§ Task goal
Copy each line of the data beneath in which the word "online" appears.

:: Recorded data ::

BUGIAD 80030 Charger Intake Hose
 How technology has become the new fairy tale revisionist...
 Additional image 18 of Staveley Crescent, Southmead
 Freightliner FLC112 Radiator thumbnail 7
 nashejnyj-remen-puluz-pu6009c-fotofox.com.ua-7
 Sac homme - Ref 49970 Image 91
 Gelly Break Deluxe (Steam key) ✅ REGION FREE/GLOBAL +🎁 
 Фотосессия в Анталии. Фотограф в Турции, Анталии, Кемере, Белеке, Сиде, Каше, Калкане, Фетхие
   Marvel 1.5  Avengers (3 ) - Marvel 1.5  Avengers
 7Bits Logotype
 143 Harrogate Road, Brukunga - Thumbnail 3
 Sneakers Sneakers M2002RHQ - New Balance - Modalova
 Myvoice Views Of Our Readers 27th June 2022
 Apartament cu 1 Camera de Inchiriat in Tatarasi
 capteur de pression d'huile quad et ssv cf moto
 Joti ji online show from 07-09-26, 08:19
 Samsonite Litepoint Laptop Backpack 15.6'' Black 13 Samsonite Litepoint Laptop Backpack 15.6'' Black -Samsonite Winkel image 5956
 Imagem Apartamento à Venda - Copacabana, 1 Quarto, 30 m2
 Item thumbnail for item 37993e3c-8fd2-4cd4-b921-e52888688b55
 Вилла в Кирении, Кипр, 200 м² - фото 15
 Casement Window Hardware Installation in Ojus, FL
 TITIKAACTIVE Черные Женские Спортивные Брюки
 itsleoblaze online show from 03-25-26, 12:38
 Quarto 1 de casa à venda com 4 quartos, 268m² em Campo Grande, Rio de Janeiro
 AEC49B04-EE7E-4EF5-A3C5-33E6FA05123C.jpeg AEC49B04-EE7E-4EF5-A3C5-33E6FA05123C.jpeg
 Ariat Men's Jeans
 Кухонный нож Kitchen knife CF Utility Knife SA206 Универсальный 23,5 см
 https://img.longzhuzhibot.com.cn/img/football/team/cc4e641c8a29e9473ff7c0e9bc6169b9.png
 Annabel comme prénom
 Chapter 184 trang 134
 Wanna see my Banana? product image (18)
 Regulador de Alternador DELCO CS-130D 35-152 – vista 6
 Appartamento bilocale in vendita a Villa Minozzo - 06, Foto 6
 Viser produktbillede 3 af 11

:::

§ Reply to the exercise
 Joti ji online show from 07-09-26, 08:19
 itsleoblaze online show from 03-25-26, 12:38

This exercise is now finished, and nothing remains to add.